Retype all of the listing exactly, with no pictures.
[RECORD EXTRACTS]
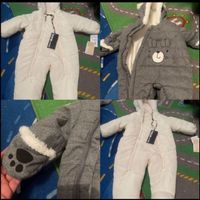 Baby Overall von DKNY neue Nordrhein-Westfalen - Köln Vorschau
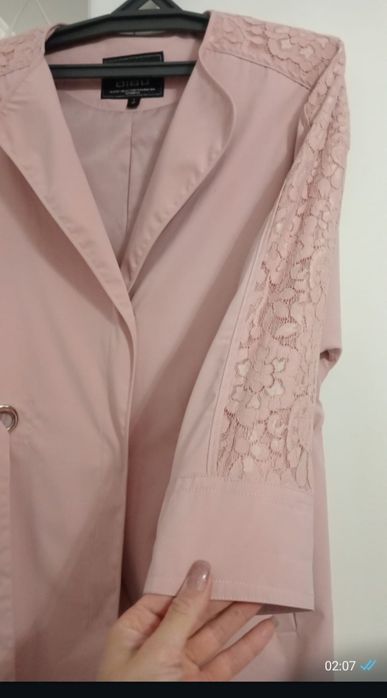 Женская ветровка 46р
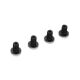 Losi Droop Screw (4): 8B 3.0 8X 8XE (LOS-5184)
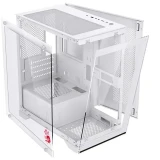 Корпус Bloody BD-CC103F White (BD-CC103F-WH)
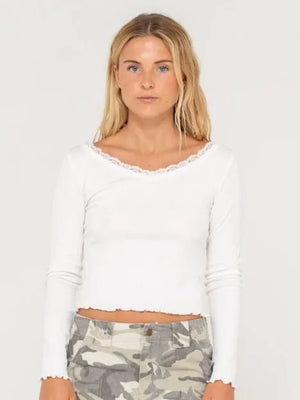 Long Sleeve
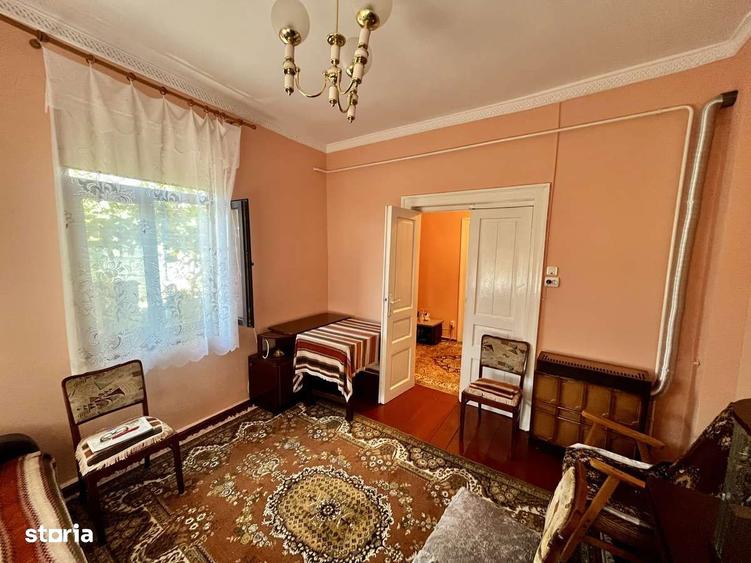 Casa caramida Blvd Doroban?ilor- credit - 2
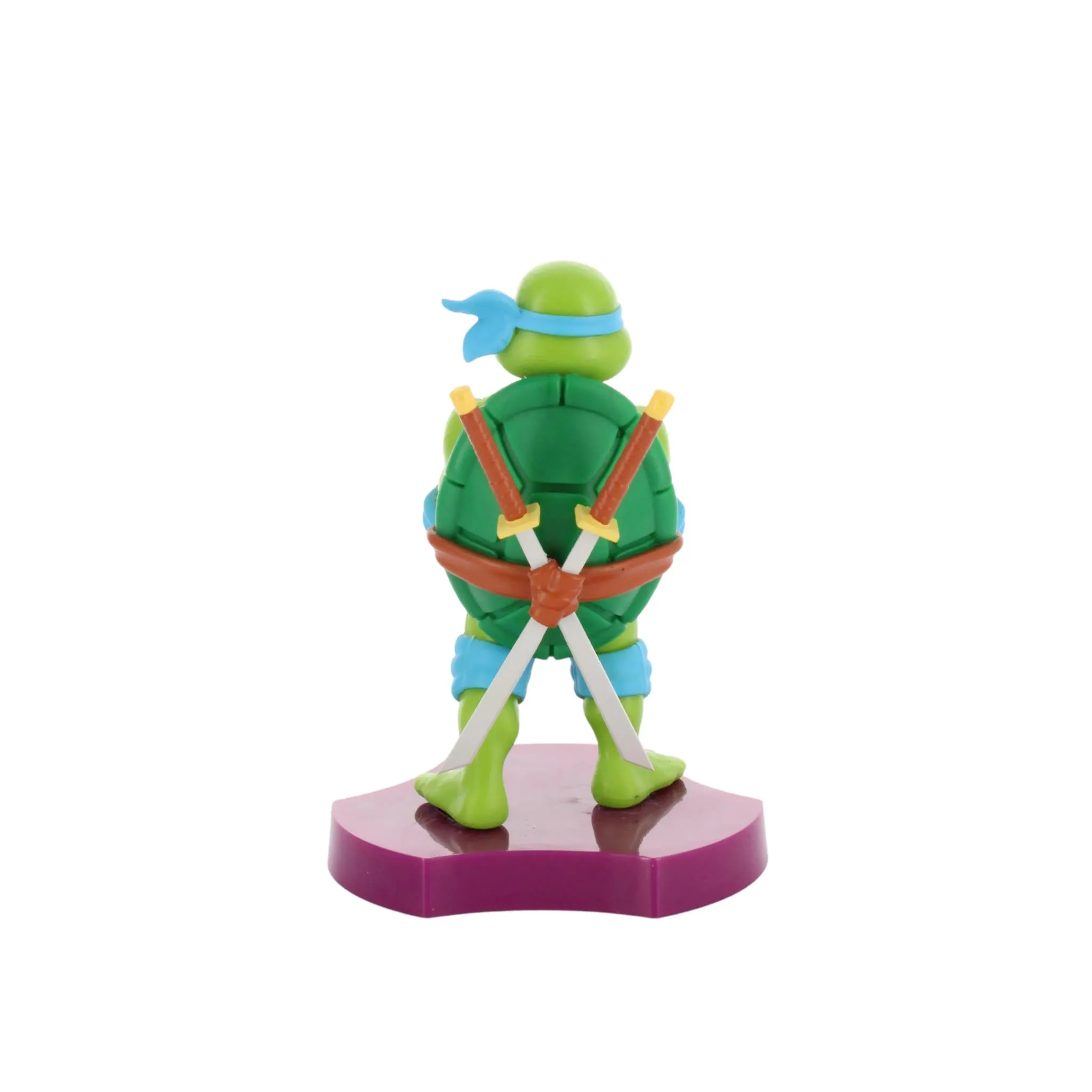 TMNT: Leonardo Holdems, Mini Collectibles With a Twist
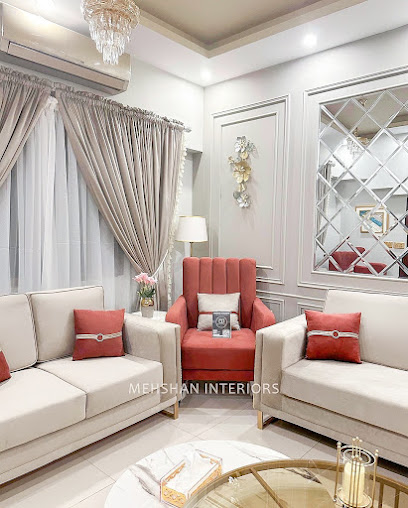 Mehshan- Interiors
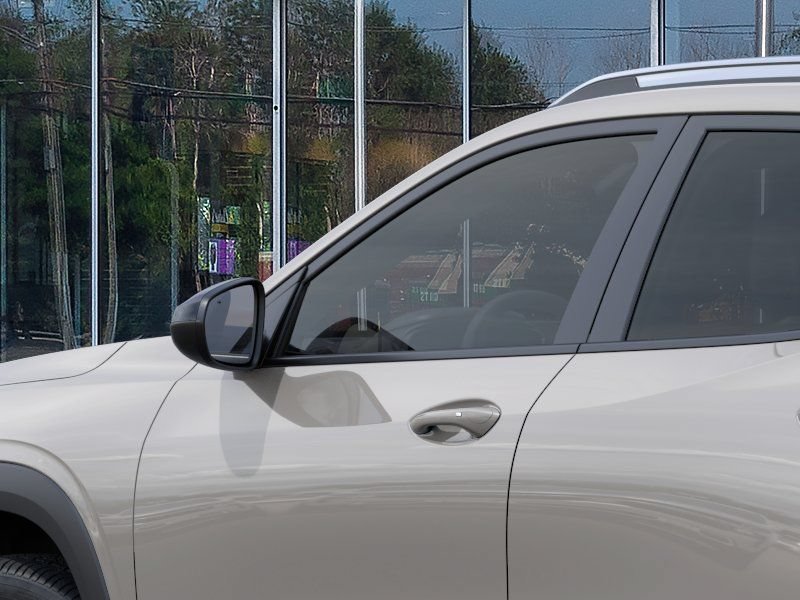 2026 Chevrolet Trax Activ - Photo 12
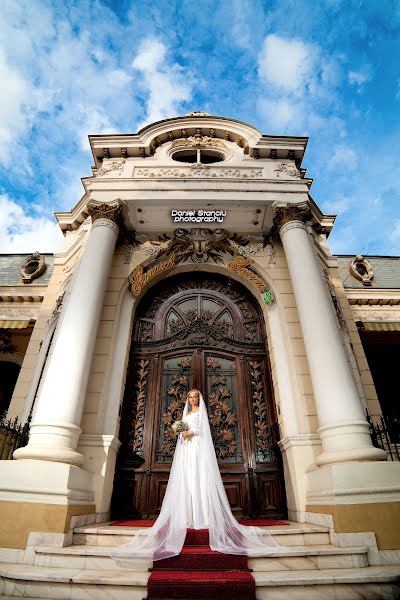 Fotógrafo de casamento Stanciu Daniel (danielstanciu). Foto de 23 de junho 2014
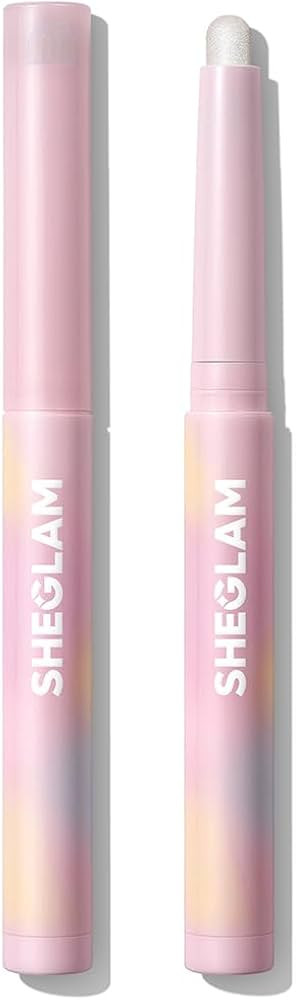 SHEGLAM Creamsicle Eyeshadow Stick Lightweight, Buildable Formula Easily Blendable and Buildable ... | Amazon (US)
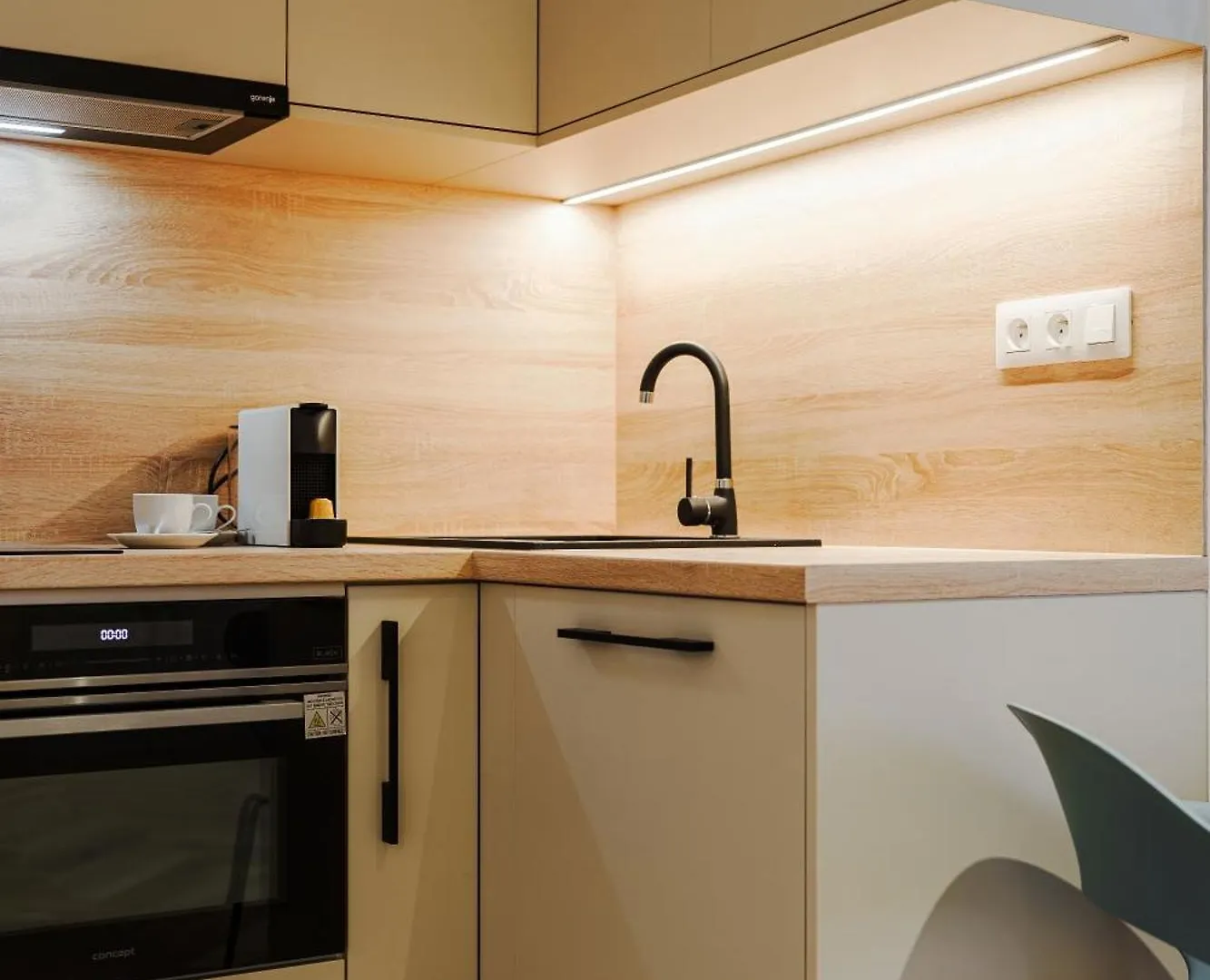 Masarykova Luxury Apartments Brno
[/RECORD EXTRACTS]
TASK ANSWER:
 Baby Overall von DKNY neue Nordrhein-Westfalen - Köln Vorschau
 Женская ветровка 46р
 Losi Droop Screw (4): 8B 3.0 8X 8XE (LOS-5184)
 Корпус Bloody BD-CC103F White (BD-CC103F-WH)
 Long Sleeve
 Casa caramida Blvd Doroban?ilor- credit - 2
 TMNT: Leonardo Holdems, Mini Collectibles With a Twist
 Mehshan- Interiors
 2026 Chevrolet Trax Activ - Photo 12
 Fotógrafo de casamento Stanciu Daniel (danielstanciu). Foto de 23 de junho 2014
 SHEGLAM Creamsicle Eyeshadow Stick Lightweight, Buildable Formula Easily Blendable and Buildable ... | Amazon (US)
 Masarykova Luxury Apartments Brno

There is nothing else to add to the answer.